*** Opening of DATA UNDER STUDY ***

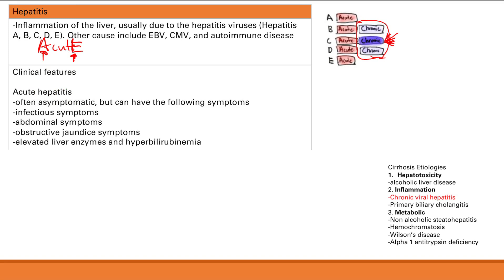For your labs, you get elevated liver enzymes, ALT more than AST, and hyperbilirubinemia — both conjugated and unconjugated, because you get damage to liver cells and damage to bile ducts. Often asymptomatic, but can be a combination of infectious symptoms, abdominal symptoms, obstructive jaundice, and these characteristic lab findings.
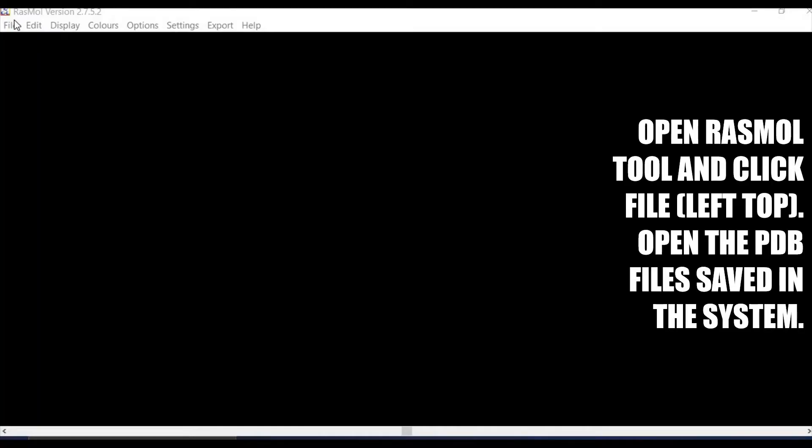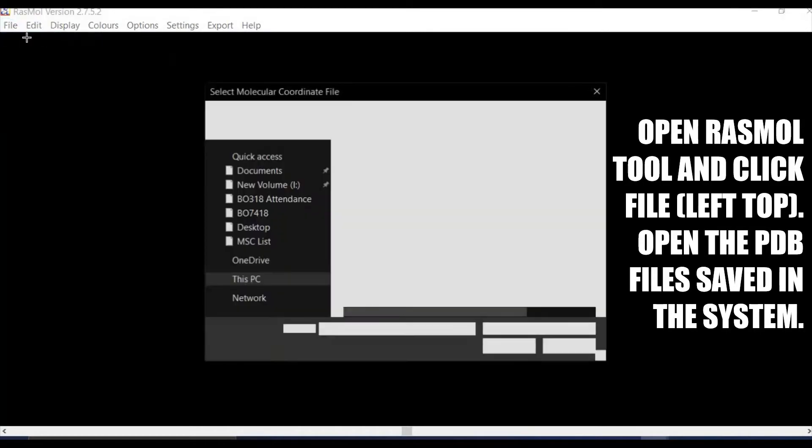RASMol is available on the internet — you can download it from Google and install it on your computer. It is a very easy and menu-driven tool. If you want to use the tool, you require the PDB format of the molecule. PDB formats are available on the Protein Data Bank, and you can download the PDB format of any biomolecule from there.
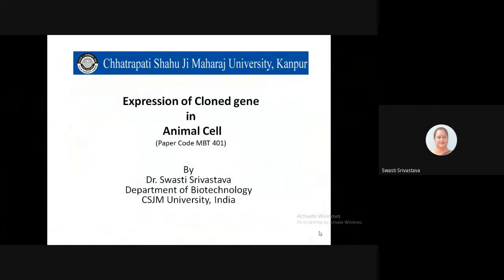Welcome students to the next lecture on the application of animal cell culture systems. We have been dealing with expression and production strategies for biopharmaceuticals in animal cell culture systems. Today we are going to discuss how we can express recombinant products in these cell lines, dealing with the expression of cloned genes — whether a recombinant product or simple genes — to express a product of pharmaceutical importance.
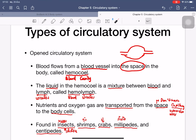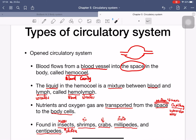The second type is the open circulatory system. Here, blood flows from the blood vessels into open spaces inside the body called the hemocoel. 'Hemo' means blood and 'coel' means cavity, so hemocoel is a cavity filled with blood. The liquid inside the hemocoel is a mixture of blood and lymph, called hemolymph. Nutrients and oxygen are transported through this body cavity to body cells, without capillaries.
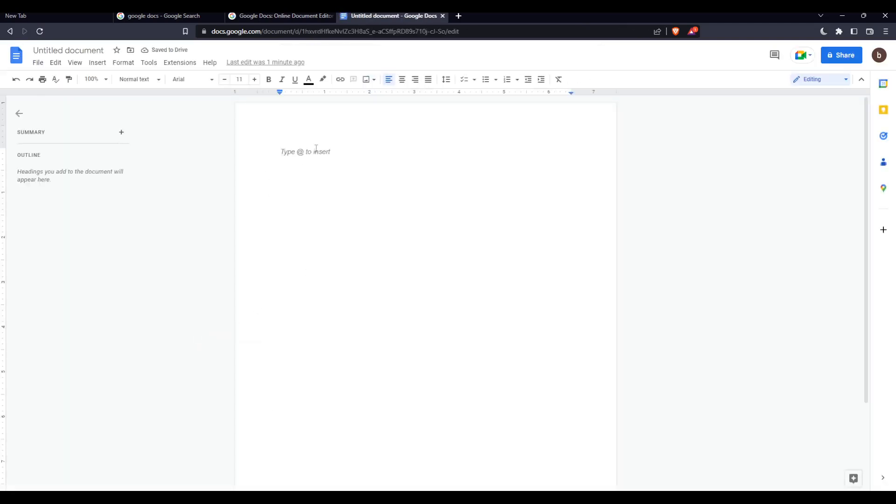I have an empty document here. As we said, we want to paste with formatting on Google Docs, so once you've opened your file, you want to select the text, range of cells, or object that you want to copy the format of.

*** Close of DATA UNDER STUDY ***

## WHAT TO WORK ON
Beginning with the line holding "RASMol is available", copy each line exactly through the end of the records above, and leave every picture out.

## ANSWER SECTION
RASMol is available on the internet — you can download it from Google and install it on your computer. It is a very easy and menu-driven tool. If you want to use the tool, you require the PDB format of the molecule. PDB formats are available on the Protein Data Bank, and you can download the PDB format of any biomolecule from there.
Welcome students to the next lecture on the application of animal cell culture systems. We have been dealing with expression and production strategies for biopharmaceuticals in animal cell culture systems. Today we are going to discuss how we can express recombinant products in these cell lines, dealing with the expression of cloned genes — whether a recombinant product or simple genes — to express a product of pharmaceutical importance.
The second type is the open circulatory system. Here, blood flows from the blood vessels into open spaces inside the body called the hemocoel. 'Hemo' means blood and 'coel' means cavity, so hemocoel is a cavity filled with blood. The liquid inside the hemocoel is a mixture of blood and lymph, called hemolymph. Nutrients and oxygen are transported through this body cavity to body cells, without capillaries.
I have an empty document here. As we said, we want to paste with formatting on Google Docs, so once you've opened your file, you want to select the text, range of cells, or object that you want to copy the format of.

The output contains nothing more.